Should we worry about all errors in quantum code?

1 minute read

Published:

No, not necessarily.

I recently encountered the following observation in my research on fault-tolerant encoding:

... no \(Z\) errors are harmful for \(|0\rangle_{\text{L}}\) encoded with the Steane code... Because of the \(Z\) stabilizer operators of \(|0\rangle_{\text{L}}\) given above, arbitrary \(Z\) errors are equivalent to no error or single-qubit \(Z\) errors. - Goto

This is a powerful insight that allows the author to overlook all \(Z\) errors to devise an efficient encoding circuit with minimal overhead. And yet, I still struggle to see where it comes from. Thankfully, a colleague of mine pointed out a simple recipe to convince myself that this is true.

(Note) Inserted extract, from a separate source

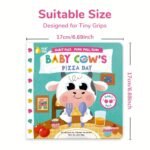 Baby Cow Lift-The-Flap Books, Good Eating Habit Formation, Interactive Picture, Cow'S Pizza Day, Push-Pull Book, Early Education Enlightenment, Illustrated By Canadian Artist, Birthday Gift, Bear Tale - Image 2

Consider an arbitrary multi-qubit \(Z\) error:

  1. If its weight is odd, apply 4-qubit \(Z\) stabilizers until we are left with a weight-1 error.
  2. If its weight is even, we can either:
    a. Play with 4-qubit \(Z\) stabilizers to see if it reduces to the Identity
    b. Apply the logical \(Z\) operator \(Z_{\rm L} = ZZZZZZZ\) to get an odd-weight error and go back to case 1

Now the question is: does this property extend to other CSS codes as well?